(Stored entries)

####

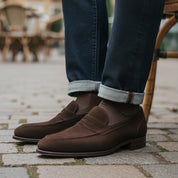 model-sitting-bench - Men's Brown Suede Moccasin Loafers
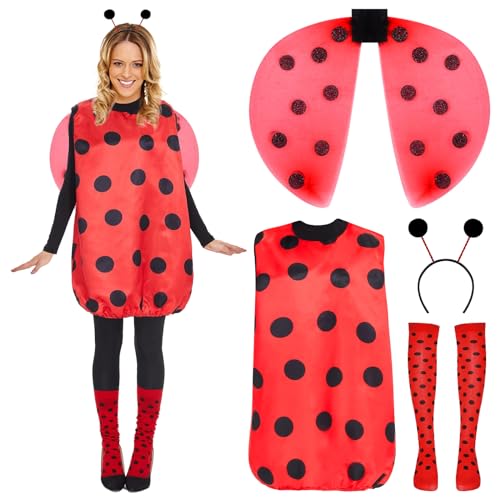 YQBFB Marienkäfer Fasching Kostüm Damen: Ladybug Kostüm für Erwachsene mit Flügeln - Beinärmel und Haarreif für Cosplay Party Dress Up und Karneval (Ladybug, L) von YQBFB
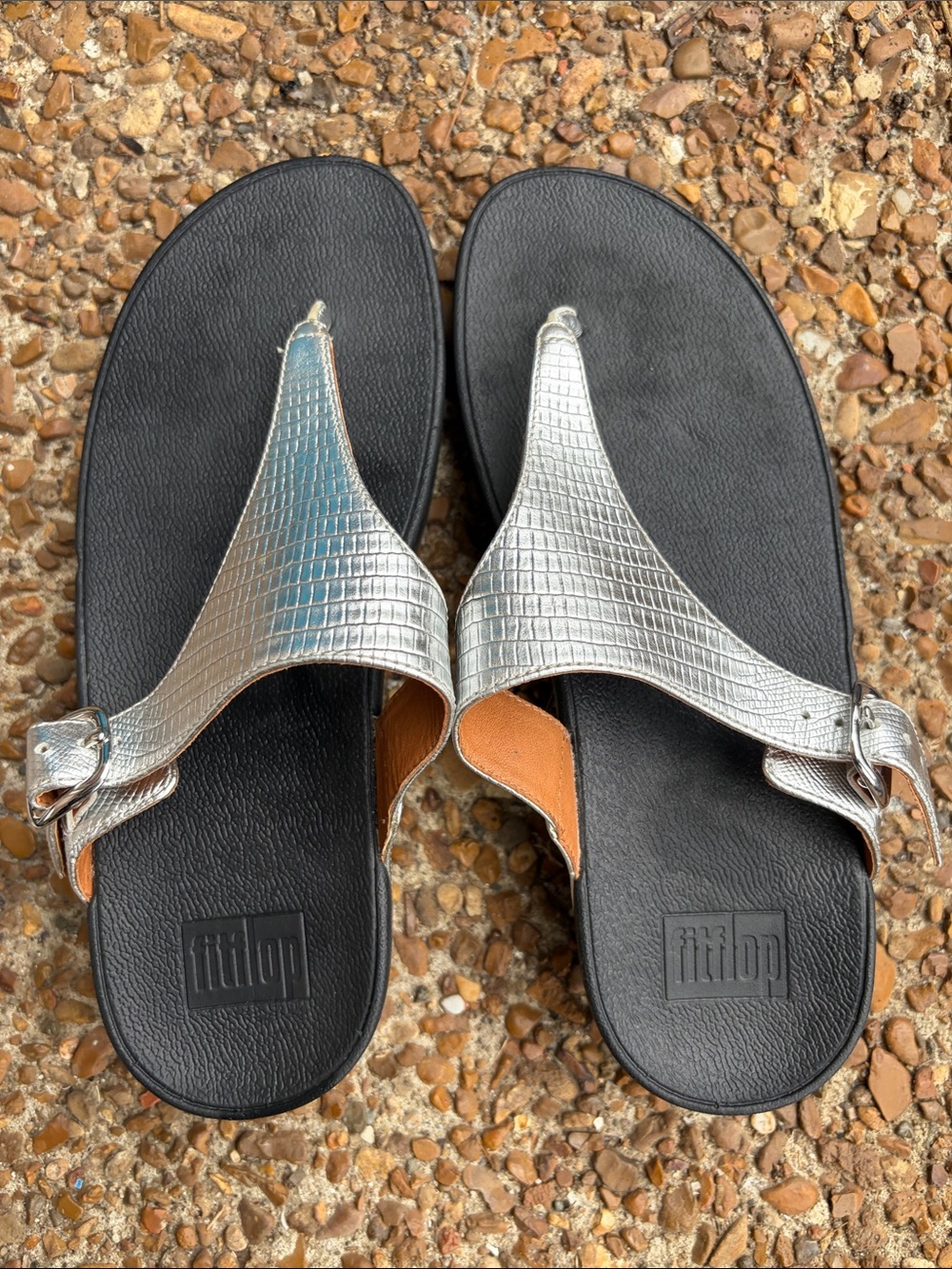Fitflop Silver Metallic Thong Sandals with Black Footbed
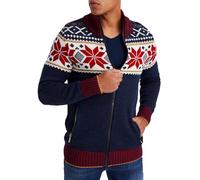 Leif Nelson Cardigan en tricot zippé pour homme - Style norvégien - Veste d'hiver avec col montant - Chaud et confortable, idéal pour l'automne et l'hiver, bleu, M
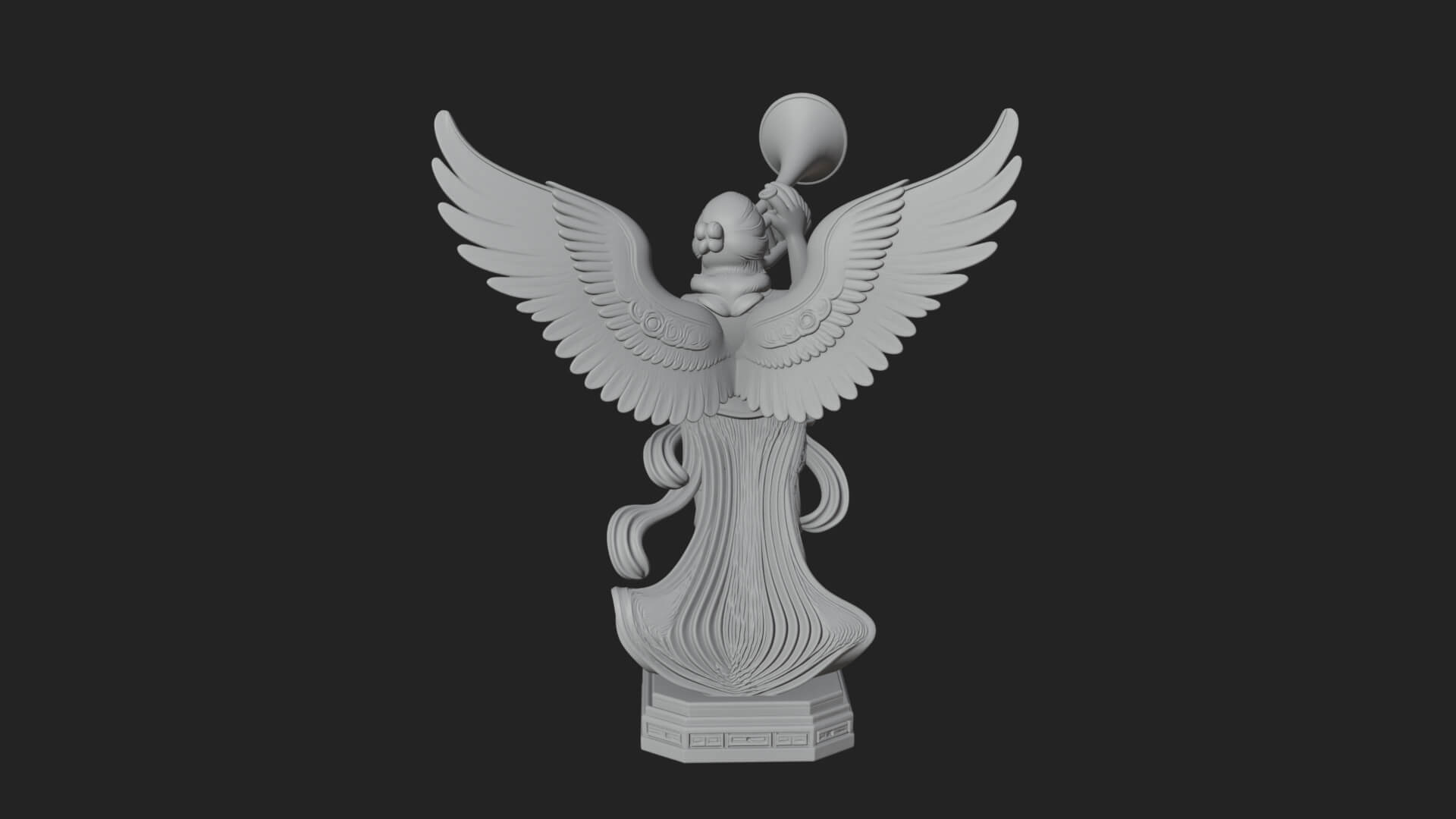 Trumpeting Angel Statue Design 1 3D Print Model 3D Model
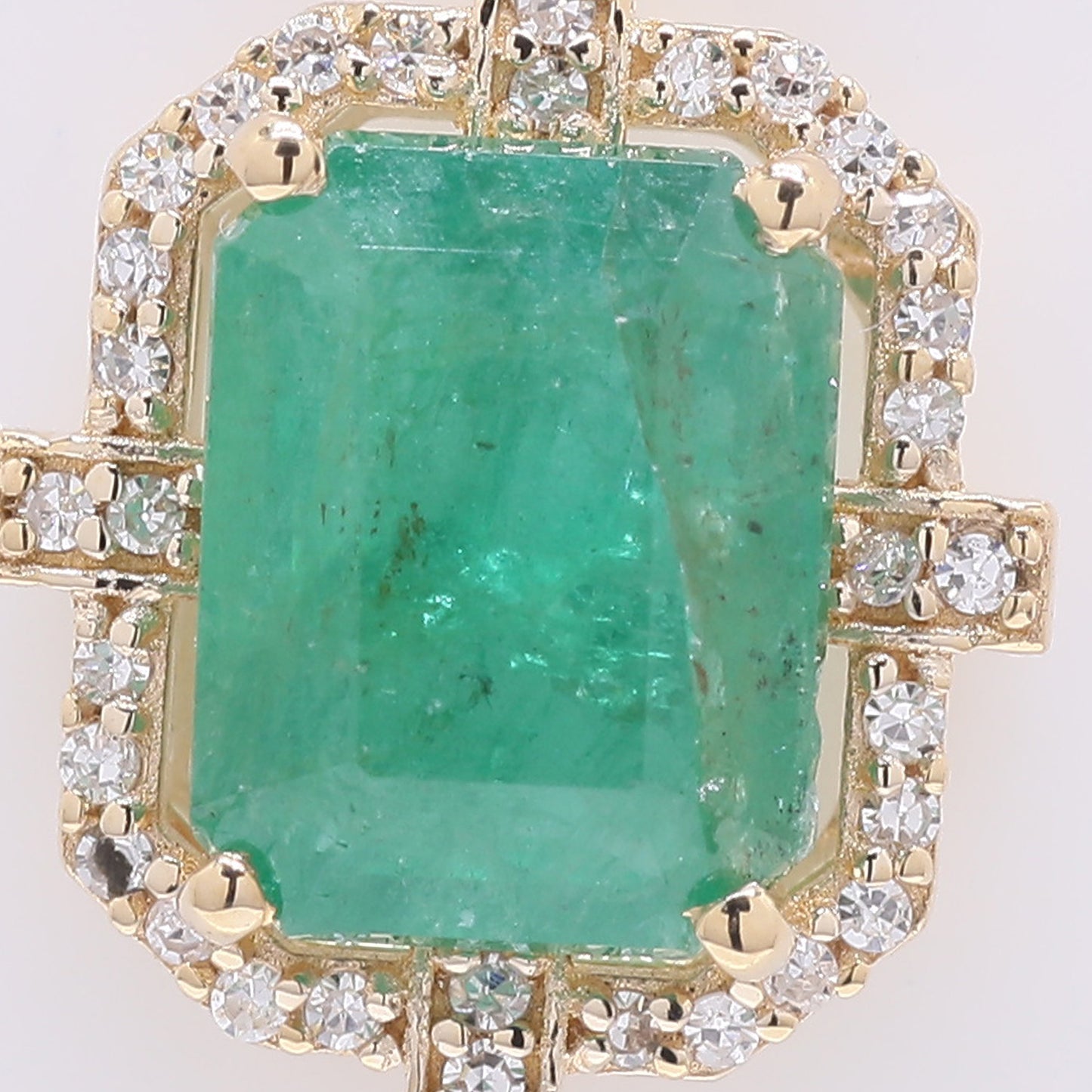 2.44 Ct Octagon Step Cut Natural Emerald 14K Gold Pendant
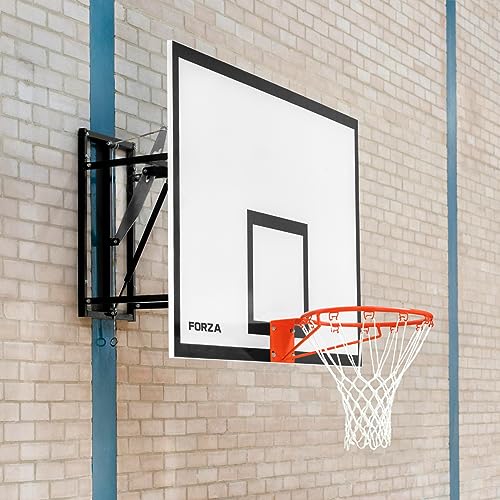 FORZA Adjustable Wall Mounted Basketball Backboard & Hoop - Height Adjustable | Ultra-Durable (Practice (47in x 35in))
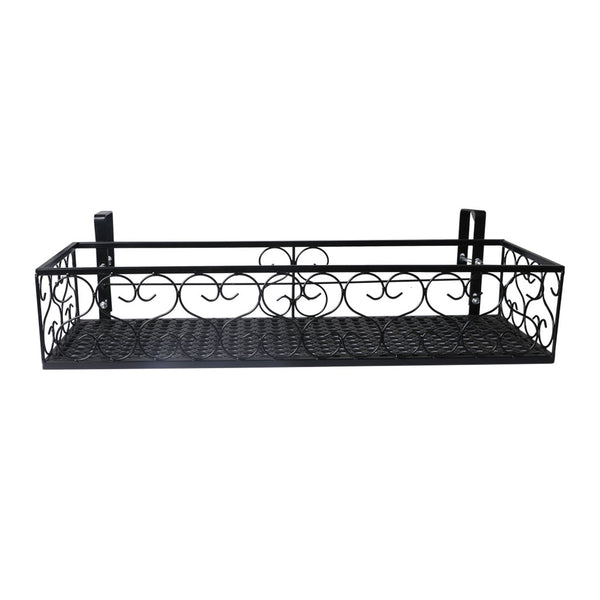 Plant Holder Plant Stand Hanging Flower Pot Basket Garden Wall Rack Shelf Rectangle Black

####

Please retype exactly the lines from the one containing "FORZA Adjustable Wall" through the last line of the records, both included, leaving out every picture.

_Written solution:_
 FORZA Adjustable Wall Mounted Basketball Backboard & Hoop - Height Adjustable | Ultra-Durable (Practice (47in x 35in))
 Plant Holder Plant Stand Hanging Flower Pot Basket Garden Wall Rack Shelf Rectangle Black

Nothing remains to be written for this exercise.